Está en la mirada (subjetiva) del individuo cuando, en un contexto vulgar, atisba de pronto una realidad paralela, sin que termine de quedar claro –la literatura es el arte de la ambigüedad– si se trata de una proyección psicológica o estamos de verdad ante una evidencia. Enríquez asume y recrea así el paradigma cultural contemporáneo, donde la frontera entre lo objetivo y lo subjetivo se difumina y las distopías se convierten en una parte esencial del presente, en lugar de presentarse como meras imaginaciones lejanas y abstractas.
El terror que describe Un lugar soleado para gente sombría es un miedo natural, del mismo modo que la imaginación es un elemento más de la existencia, cuando no la rueda oculta que gobierna nuestros días. Que estos cuentos estén poblados por fantasmas, lejos de ser una convencional licencia literaria, es el factor capital que identifica esta forma de indagación, donde la presencia de los muertos, como anticipase ya Pedro Páramo, la obra maestra de Juan Rulfo, es un ingrediente del paisaje cotidiano. Un espectro, al fin y al cabo, sólo es una criatura que ha muerto,pero esto no significa que necesariamente haya desaparecido.
El calvario de los fantasmas de Enríquez es que, igual que sucede a los vivos a medida que pasan los años, ya no pueden modificar ni alterar su trayecto. Carecen de futuro. No tienen destino. Son un pasado sin remedio. No pueden enmendar lo que han sido, al contrario que los seres que respiran, que todavía contamos con la vana expectativa de perdurar.
Entre los vivos y los muertos de la literatura de Enríquez existe una especie de convergencia; en el sentido de que, al envejecer, las opciones existenciales se reducen y la vida se estrecha. El deterioro físico, uno de los males de los personajes de estos cuentos, es la prueba de la (inevitable) mímesis entre los que fueron y los que todavía somos. Enríquez mezcla ambas dimensiones existenciales en sus historias, prescindiendo de una racionalidad que ha dejado de explicarlo todo, y que es insuficiente ante la experiencia en primera persona de la decrepitud. El terror que encierran sus cuentos deviene del subrayado enfático de una realidad desconcertante donde los vivos vamos asimilándonos a los difuntos que seremos.

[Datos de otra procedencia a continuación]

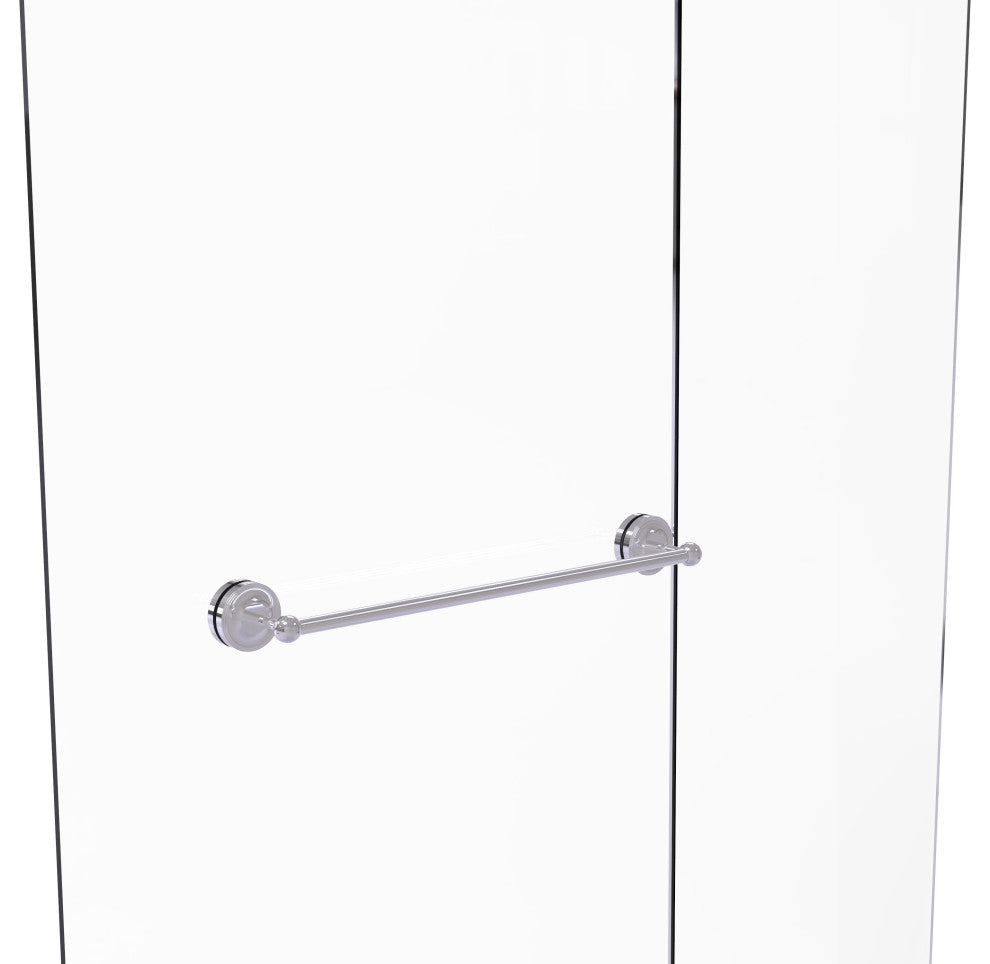 Prestige Regal 24" Shower Door Towel Bar, Polished Chrome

Ésta es la sensación que deja un relato como ‘Mis muertos tristes’, que abre la colección. En él, una mujer contempla de decadencia de su barrio al tiempo que siente la presencia de unos fantasmas asesinados con violencia. Las criaturas espectrales –es el caso de ‘Una mujer que sufre’– más que espanto, causan compasión, una especie de lástima similar a la que uno experimenta cuando ve en la muerte de sus padres el anuncio de su propia extinción.
La vida nos enseña, al llegar a esta encrucijada de la madurez, la fugacidad de la existencia, que hasta entonces creíamos que era una cosa remota. Entonces es cuando la épica se torna presagio de la tragedia: antes o después seremos los fantasmas que pueblan las historias de Enríquez. Es ante la zozobra de este porvenir que se nos viene encima –que también es una forma amarga sabiduría– cuando somos capaces de entender la verdadera realidad que habitamos.

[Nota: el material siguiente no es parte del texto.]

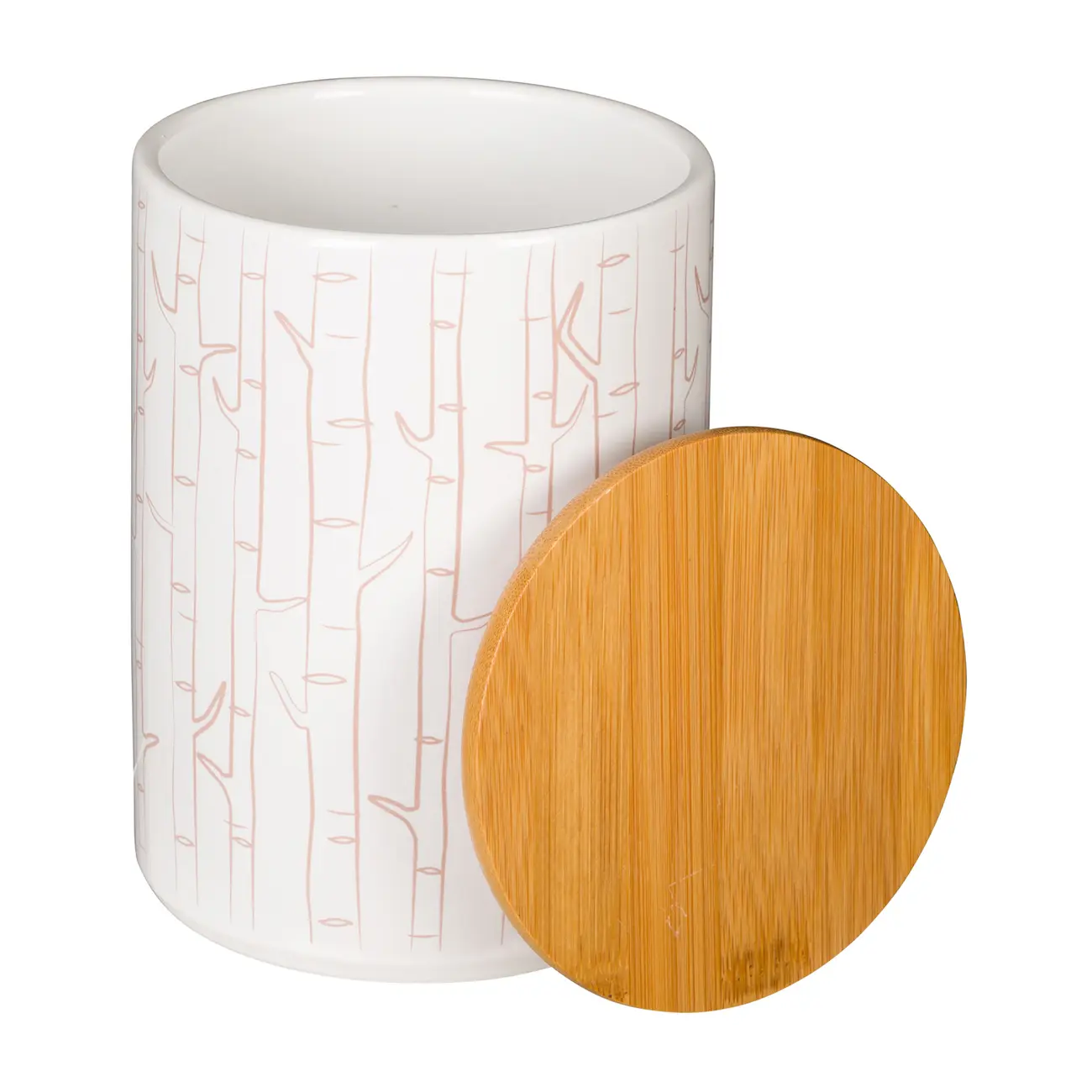 POTE 1 L BÉTULA - BRANCO/BAMBU - Foto 2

Quizás por eso las fantasmagorías de la escritora argentina nos sean tan familiares. Son presagios de lo que nos aguarda, como la mujer, cuya historia se cuenta en ‘La desgracia de la cara’, que, atrapada por la maldición de una parálisis facial, se convierte en un ser deforme. En su drama no hay fantasía. Es una advertencia sobre lo que podría sucederle a cualquiera. La progresiva anulación de lo extraordinario, la pauta hacia la que ha ido evolucionado la narrativa de Enríquez, es el factor que permite formular estos terrores contemporáneos, visibles sólo cuando se descubren los puentes entre lo que parece imposible y lo indiscutible.

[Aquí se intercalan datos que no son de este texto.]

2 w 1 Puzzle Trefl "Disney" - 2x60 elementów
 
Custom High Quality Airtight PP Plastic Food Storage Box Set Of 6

Los espacios de los cuentos de la escritora argentina están cargados de pavores, condensados en piezas como ‘Los himnos de las hienas’, donde las almas de los asesinados en un castillo convertido en campo de concentración reverberan sin cesar. Toda la literatura de Enríquez explora el proceso de descubrimiento de los vivos de un universo lleno de presencias que, según la lógica empirista, son imposibles, pero que, vistas desde la perspectiva de su sensibilidad literaria, se tornan tan indudables como el frágil suelo que pisamos cada día. Éste es su éxito.